- [Exercise aim] Return every line of the data below exactly, but do not include the images.

- [Recorded data]
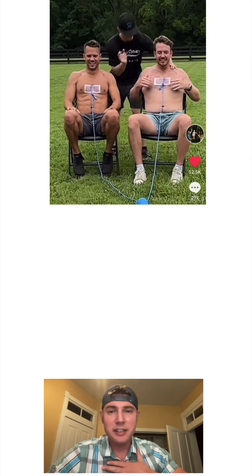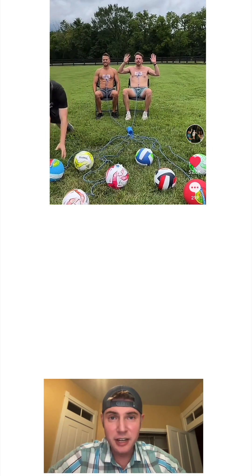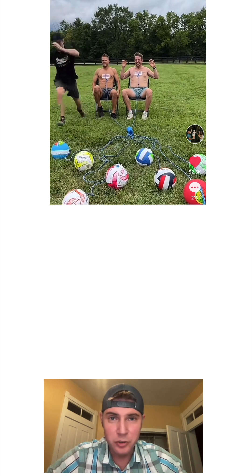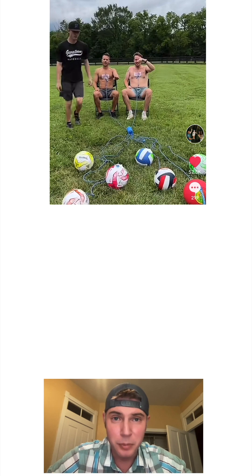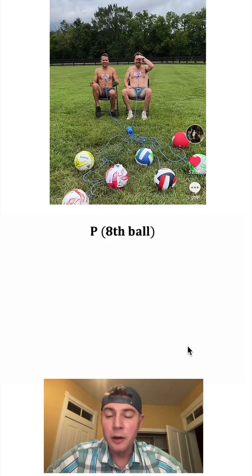We have these two guys with wax attached to their chest and there's a rope connecting it to one of these 10 balls. A third guy is going to be kicking balls until one of them gets their hair ripped off. There are two out of the 10 balls that would rip out someone's hair, and eight of the balls won't do anything. What ends up happening — after they kick the first seven balls, nothing happens. It isn't until the eighth ball that someone's hair gets ripped out.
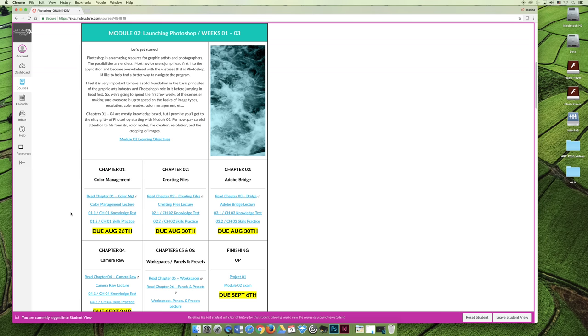There is a knowledge test and a skills practice for almost every chapter. You'll notice that some chapters don't have the skills practice. That's because they're kind of knowledge-based chapters and not skills chapters.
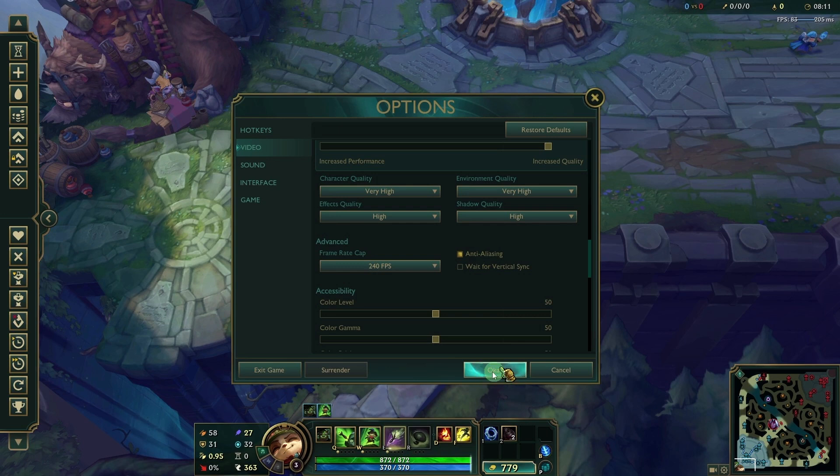By following these steps, you can enhance the graphics quality in League of Legends for a more visually pleasing and immersive experience.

- [Reply to the task]
We have these two guys with wax attached to their chest and there's a rope connecting it to one of these 10 balls. A third guy is going to be kicking balls until one of them gets their hair ripped off. There are two out of the 10 balls that would rip out someone's hair, and eight of the balls won't do anything. What ends up happening — after they kick the first seven balls, nothing happens. It isn't until the eighth ball that someone's hair gets ripped out.
There is a knowledge test and a skills practice for almost every chapter. You'll notice that some chapters don't have the skills practice. That's because they're kind of knowledge-based chapters and not skills chapters.
By following these steps, you can enhance the graphics quality in League of Legends for a more visually pleasing and immersive experience.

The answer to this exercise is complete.